Category Archives: Steve Sailer

April 11, 2013

Almost 100 Million People In America Aren’t Smart Enough To Enlist In The Military by Steve Sailer

Moreover, we have a whole bunch of our fellow American citizens who aren’t of the cognitive quality currently necessary to fight for their country. Shouldn’t we be worrying more about what kind of living they’ll be able to earn before we care about solving Mexico’s problems?

Because the pundit class in America is related to so few people who want to enlist in the military, there’s negligible media awareness of how hard it has become to join up. A major hurdle is scoring high enough on the AFQT cognitive test.

The Pentagon isn’t in any hurry to make its intelligence requirements explicable to the media. The conventional wisdom is that intelligence testing is a racist hoax or it just applies to academia, not the real world, or whatever. The fact that the military is obsessive about cognitive testing is something that simply isn’t in the reigning worldview, and the military is fine with that. It likes testing and it dislikes outside interference, so the more convoluted its jargon for talking about its intelligence requirements, the better.

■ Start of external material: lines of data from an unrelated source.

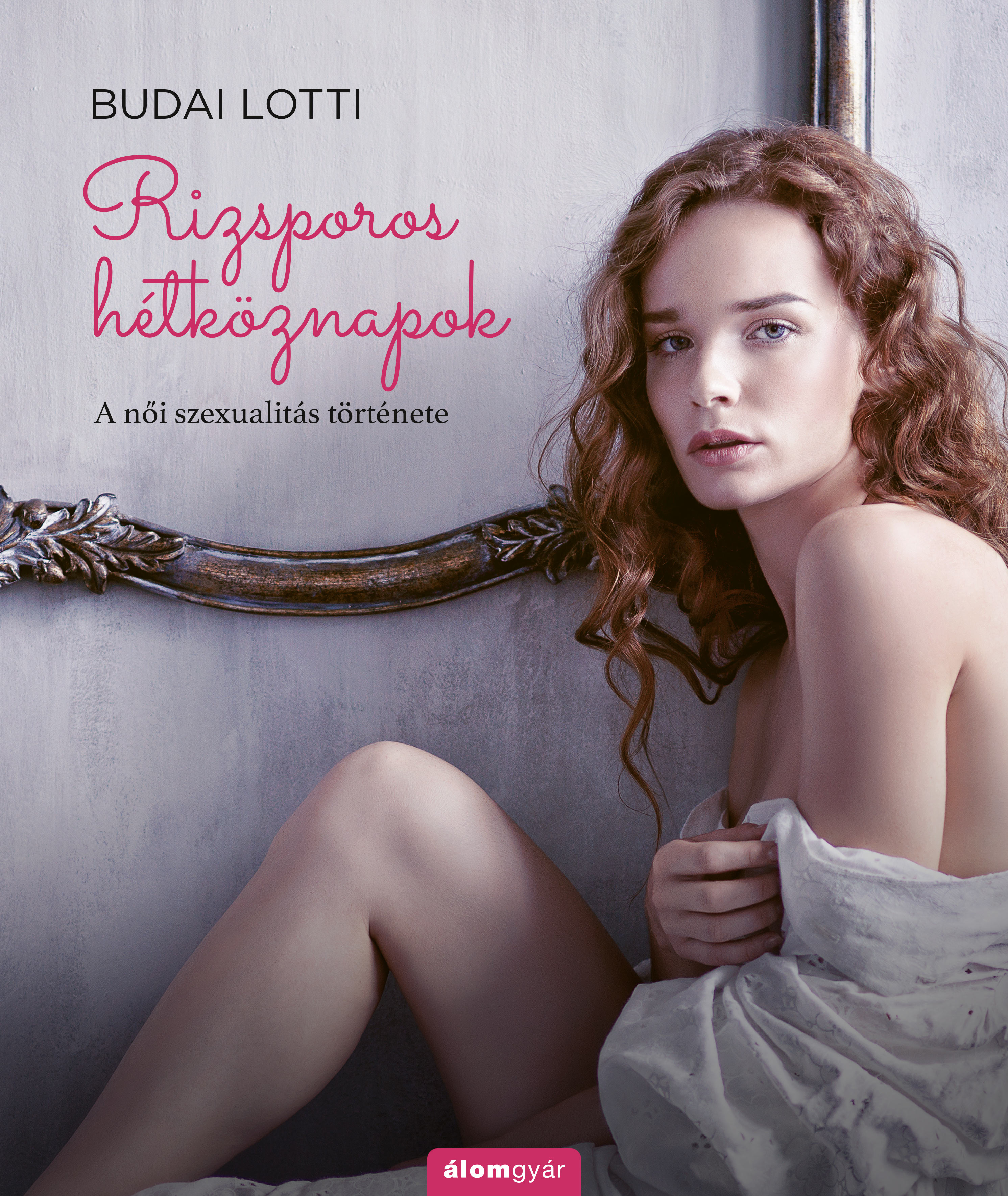 Rizsporos hétköznapok: A női szexualitás története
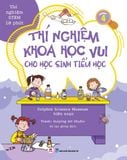 Thí nghiệm khoa học vui cho học sinh tiểu học 4 (Thí nghiệm STEM 10 phút)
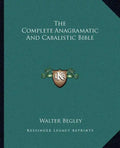 The Complete Anagramatic and Cabalistic Bible - Paperback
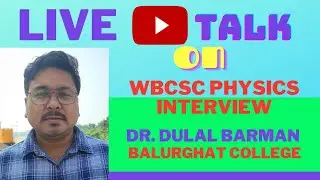 Live Talk on Wbcsc Physics Interview With Dr. Dulal Barman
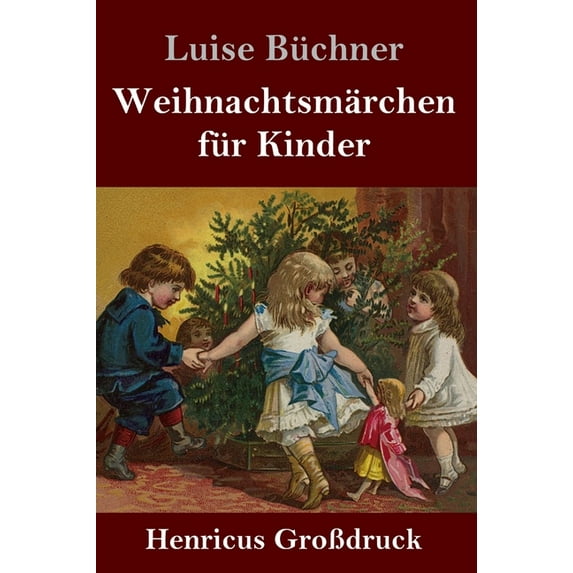 Weihnachtsmärchen für Kinder (Großdruck) (Hardcover)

For example, the entrance exam is, in one sense, the ASVAB, a 9 or 10 part 3-hour test. But a 4-part subset of the ASVAB called the AFQT determines whether you’ll be allowed to enlist or not. (The non-AFQT ASVAB subtests influence assignments, such as to vehicle repair.)

Are you losing interest in this topic already as you try to keep ASVAB and AFQT straight? The military doesn’t mind if outsiders are baffled and bored. In fact, it kind of likes it that way. And if potential recruits can’t keep this stuff straight in their heads, well maybe they aren’t military material.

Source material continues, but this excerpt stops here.